Segundo Samira Sanches, representante da Marcha Mundial das Mulheres no Estado, quase toda mulher relata conhecer alguém que já abortou ilegalmente. Ela diz que o método mais comum é o uso do Cytotec, e que é possível encontrá-lo, ilegalmente, em algumas farmácias do Estado e com alguns revendedores ilegais.
 
O Cytotec, ou Misoprostol, é um medicamento formulado originalmente para o tratamento de úlceras no estômago, mas usado em muitos países para a interrupção da gravidez. No Brasil, a venda controlada foi proibida em 1998, mas ainda é possível adquirir em hospitais, para mães que tiveram abortos retidos – quando se tem um aborto espontâneo, mas o feto não é expelido do útero – e em casos em que o aborto é permitido pela lei: casos de estupro, quando a mãe corre risco de vida e quando o feto é anencéfalo. Os comprimidos também são contrabandeados de países onde o medicamento é legalizado.
 
Além dos medicamentos, muitas mulheres procuram clinicas clandestinas de aborto, que realizam o serviço pelos métodos de curetagem ou sucção nas mulheres. Realizar um aborto ilegal é caro. Um comprimido de Cytotec custa em média R$ 400, e é preciso de quatro a seis doses para assegurar um aborto efetivo. Já nas clinicas, o valor é bem variado, as mais famosas cobram, em média, R$ 3 mil. 
 
Ainda assim, os abortos certamente não são seguros. Muitos vendedores oferecem medicamentos falsos às mulheres, e as clínicas não oferecem equipamentos e profissionais qualificados para um procedimento seguro. As que não podem pagar por nenhum desses métodos se arriscam com procedimentos caseiros e “receitas populares”. Segundo a Organização das Nações Unidas (ONU), 200 mil mulheres morrem no Brasil, vítimas de abortos clandestinos.
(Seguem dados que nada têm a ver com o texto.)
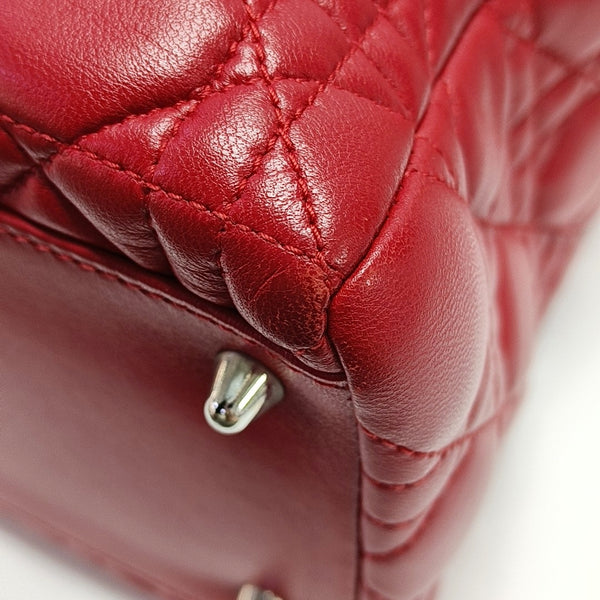 Authenticated pre-owned Lady Dior Medium Cannage Lambskin Red - Tote Bag at Looply
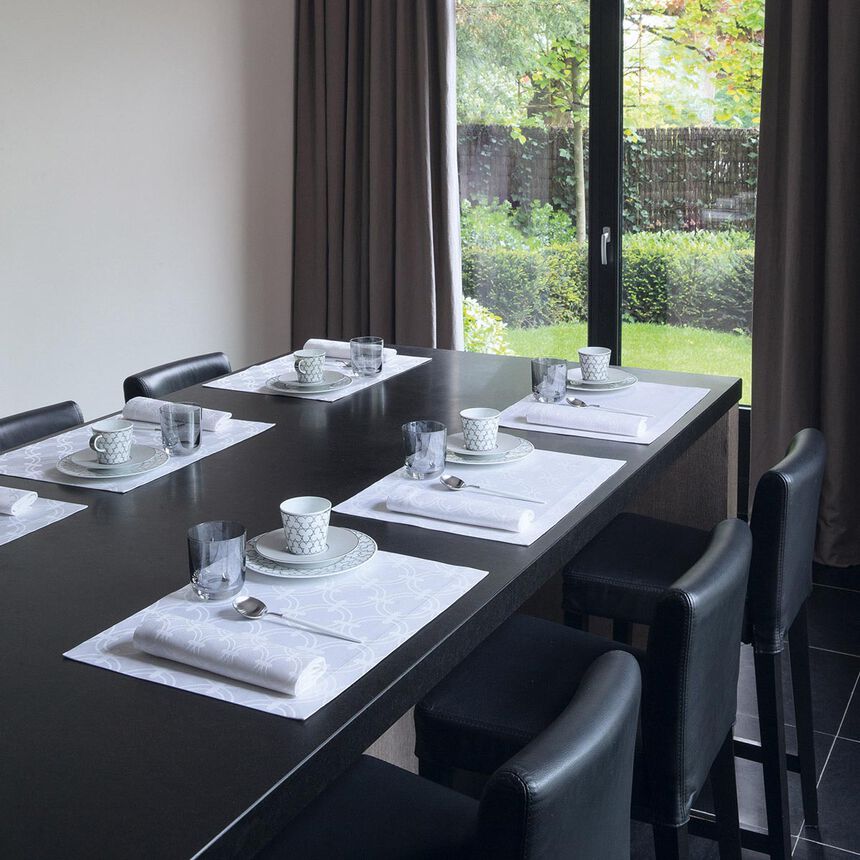 Tischset Anneaux Blanc 50x38 baumwolle, , hi-res image number 0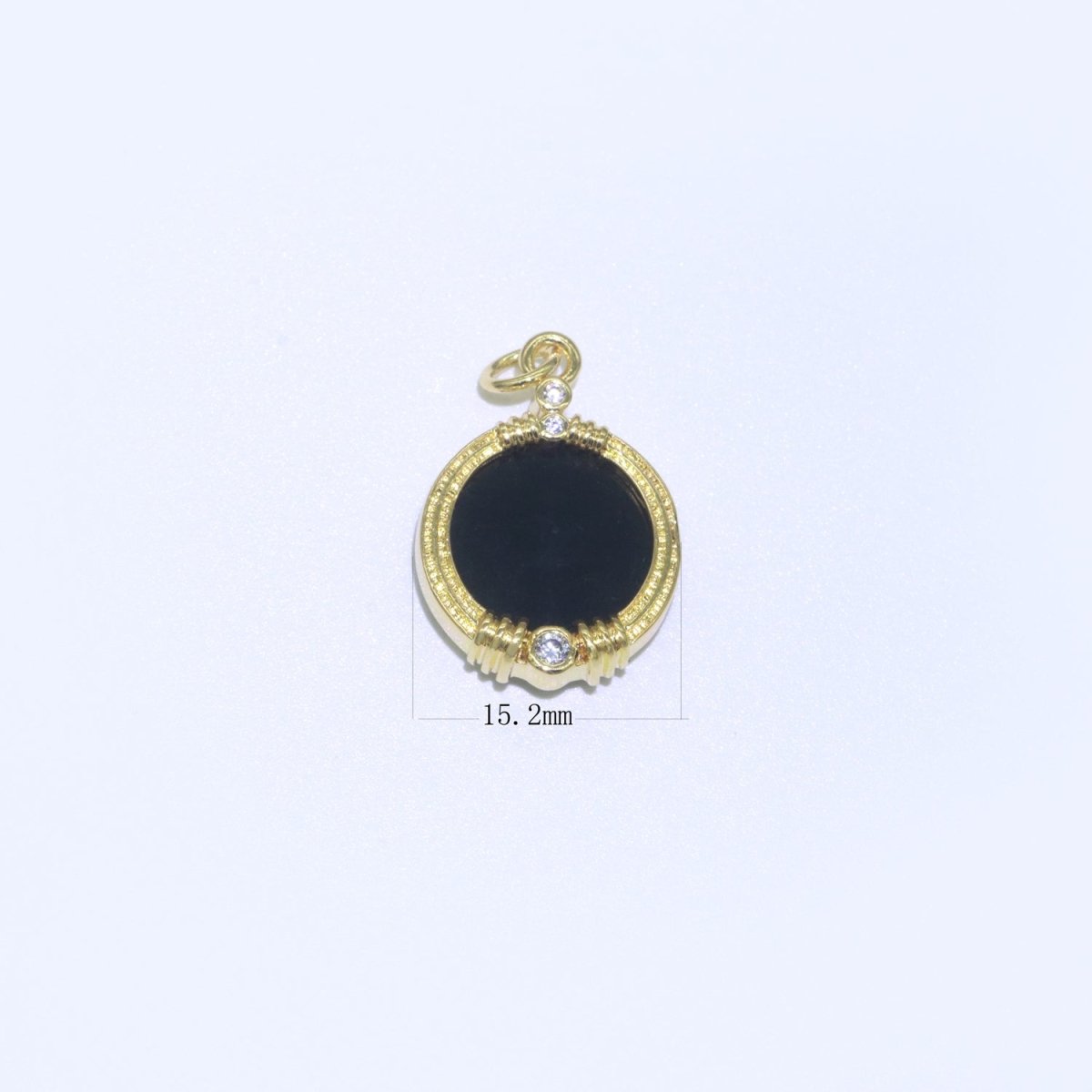 Natural Gemstone charms, 15.2mm Round Coin pendant, Gold Filled pendant Onyx, Malachite, Quartz, Amethyst, Amazonite, Rubi Previous Stone M-404 - M-409 - DLUXCA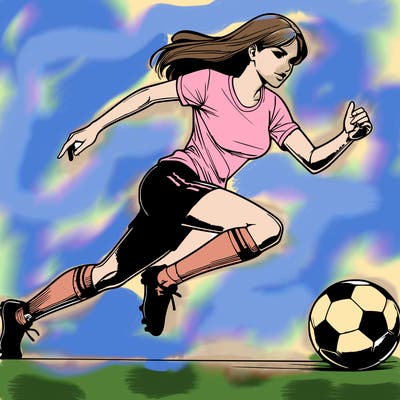 realistic woman playing soccer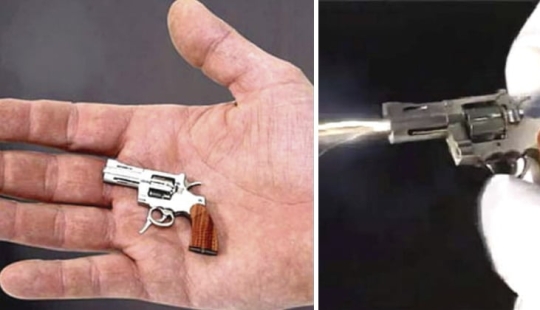 Yes, he's shooting! The smallest combat revolver was made in Switzerland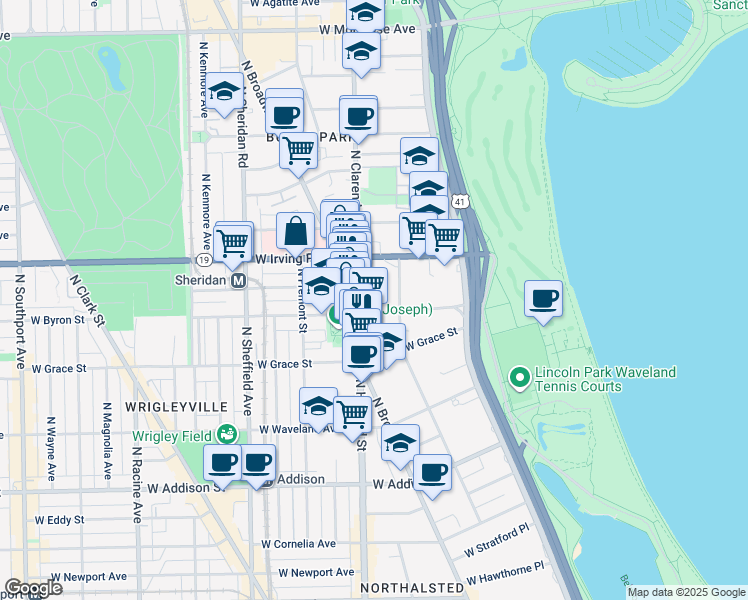 map of restaurants, bars, coffee shops, grocery stores, and more near 3923 North Clarendon Avenue in Chicago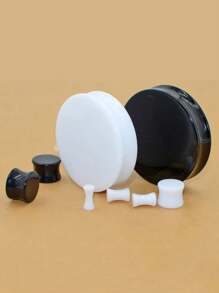 一对亚克力耳塞白色和黑色和透明大号耳朵拉伸器大号马鞍形肉道扩张器 3-50 毫米身体穿孔首饰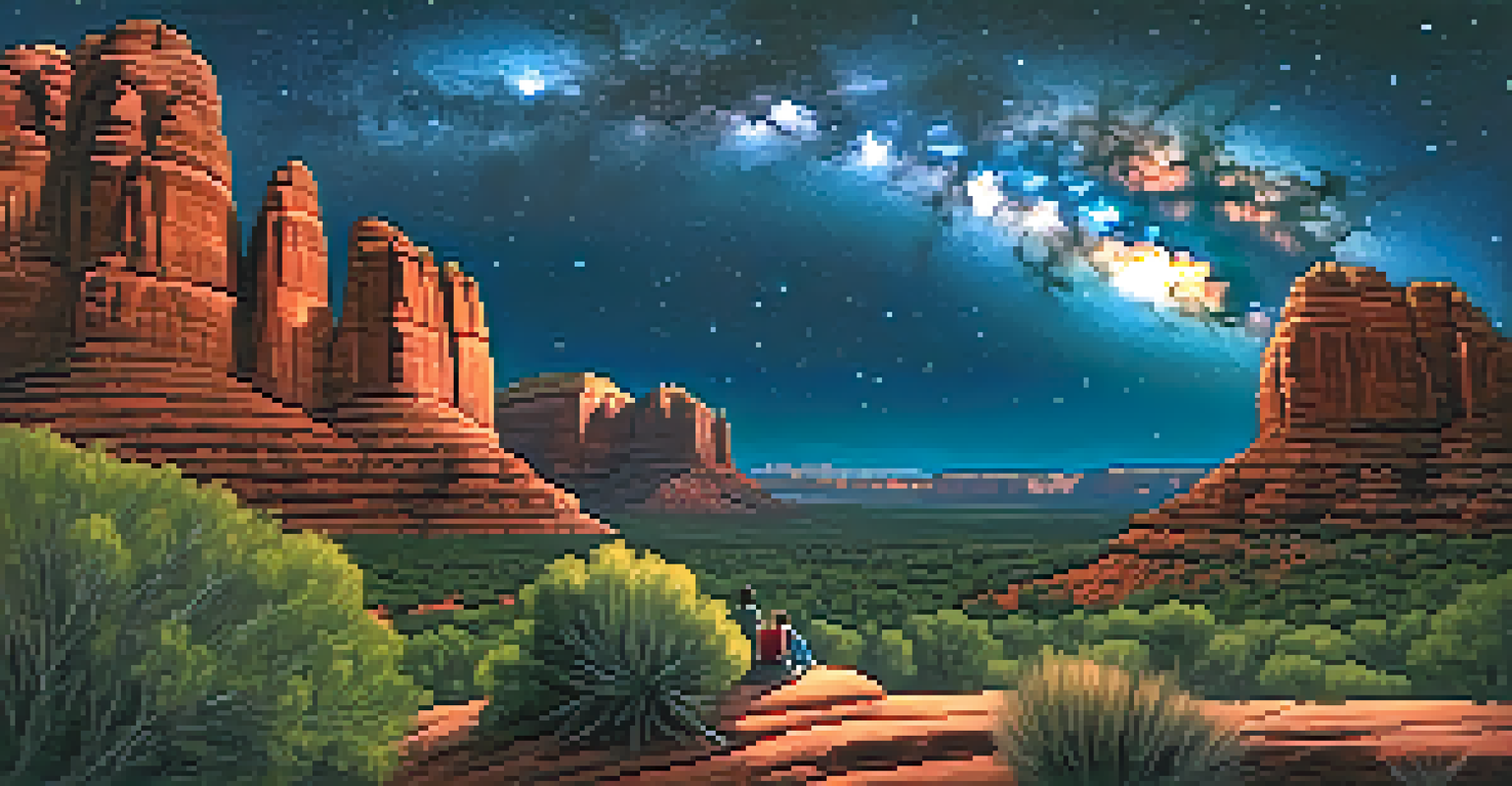 A peaceful Sedona landscape at night with a clear view of the Milky Way and people admiring the stars.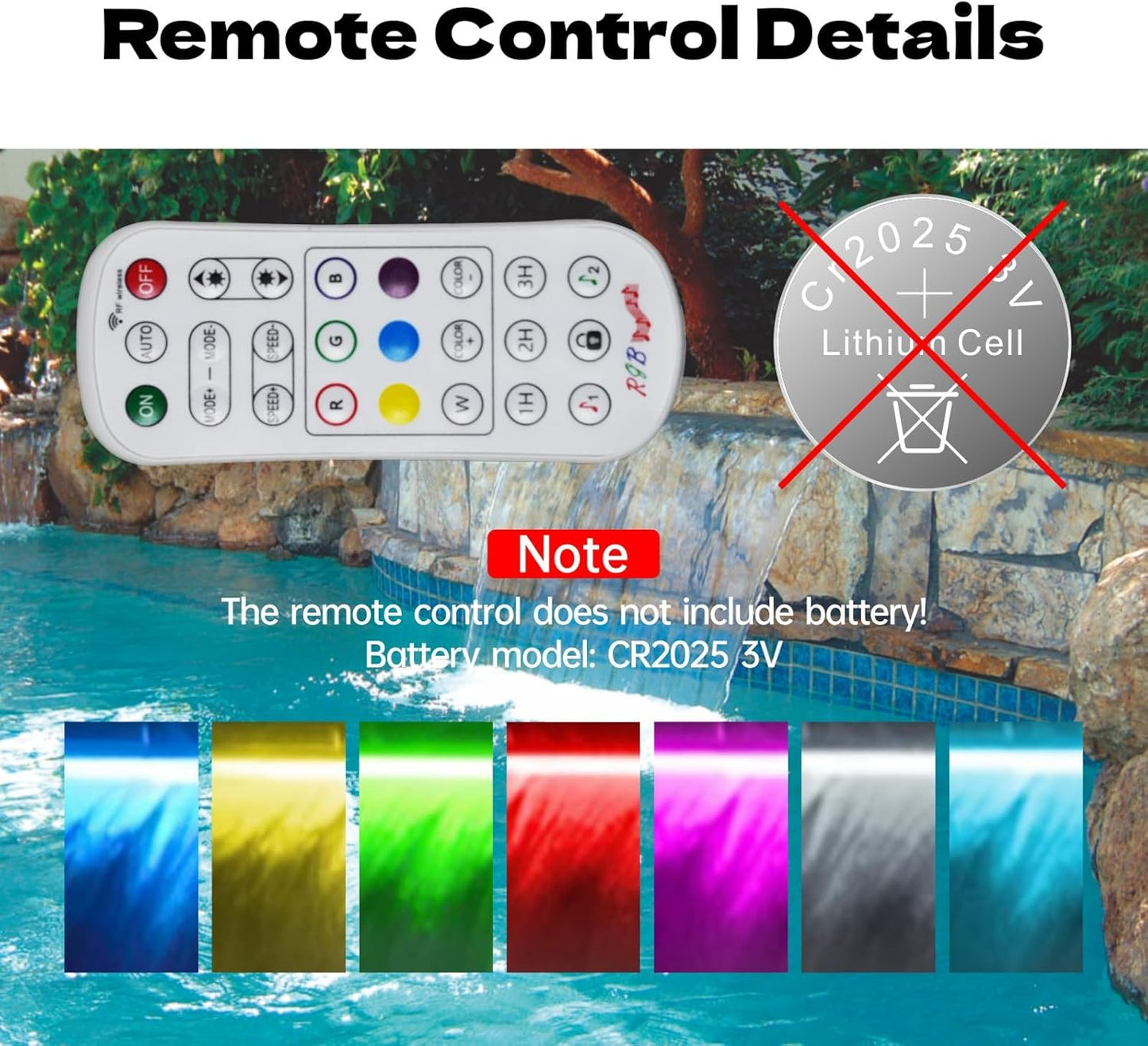 Pond Waterfall Spillway, APP Control Multi-Color LED Light Outdoor Pool Fountain, Acrylic Water Spillway Koi Fountains Kit for Garden Patio Swimming Pool Decoration - 23.6"x7.8"x3.9"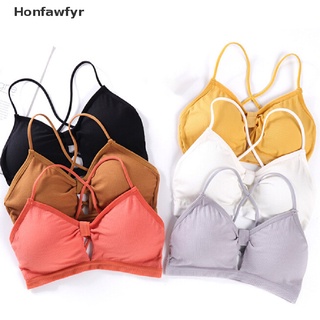 Honfawfyr Women Stretch Yoga Fitness Hollow Out Seamless Padded Sports Bra Vest Crop Top *Hot Sale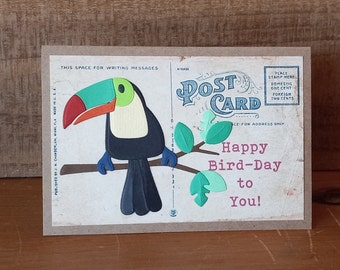 Toucan Birthday Card: Handmade Tropical Bird on Postcard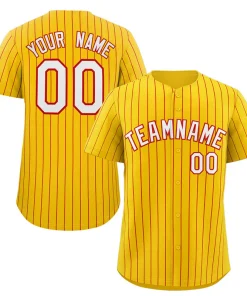 Custom Gold White-Red Stripe Fashion Authentic Baseball Jersey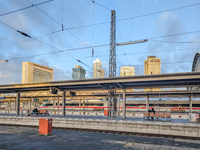 An ICE (Intercity-Express) train stands on the platform at Frankfurt am Main Central Station in Hesse, Germany, on January 1, 2024, at 9:00...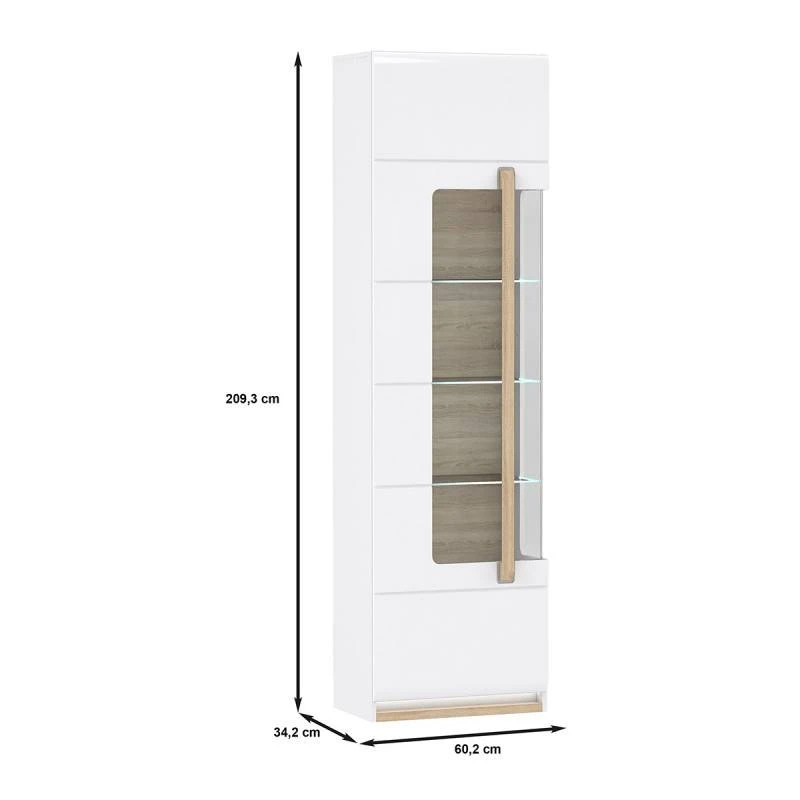 Meuble Vitrine Blanc Décor Bois Clair 5 Meuble Vitrine Blanc Décor Bois Clair – Image 5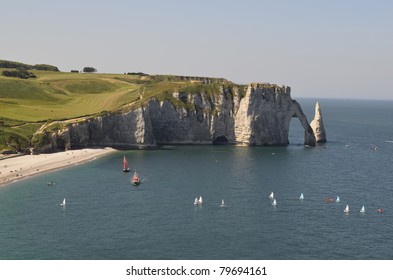 France, Normandy, Beach And Rock Formation In Etretat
No Rio de Janeiro, o caso de Jandira Magdalena ficou conhecido depois que a grávida foi encontrada morta, com o corpo carbonizado, após ir até uma clínica clandestina para realizar o procedimento ilegalmente.
 
Para Sanches, a discussão do aborto, além de passar pela autonomia da mulher sob o próprio corpo, é uma questão de saúde pública. “Para as mulheres ricas o aborto já é legalizado, porque elas têm dinheiro para pagar uma boa clínica. A preocupação é com as mulheres pobres, que não podem pagar e acabam recorrendo a medidas desesperadas. Elas acabam perfurando o útero, tendo hemorragias e quando chegam à maternidade, são humilhadas e ameaçadas”, afirma a feminista. 
 
Segundo a Pesquisa Nacional do Aborto (PNA), realizada em 2010, 15% das mulheres brasileiras já realizaram um aborto no Brasil, e mais da metade destas tiveram complicações decorrentes do procedimento. Entretanto, como a pesquisa entrevistou somente mulheres alfabetizadas e dos centros urbanos, os números podem ser ainda maiores. Nesta pesquisa, também não são contabilizados os casos de morte.
 
Ainda segundo a pesquisa: “A PNA indica que o aborto é tão comum no Brasil que, ao completar 40 anos, mais de uma em cada cinco mulheres já fez aborto”. Fica claro que o aborto clandestino é um problema de saúde pública, resta saber quantas mulheres ainda vão morrer até que esse tema-tabu entre definitivamente na pauta e seja discutido sem preconceito pela sociedade brasileira.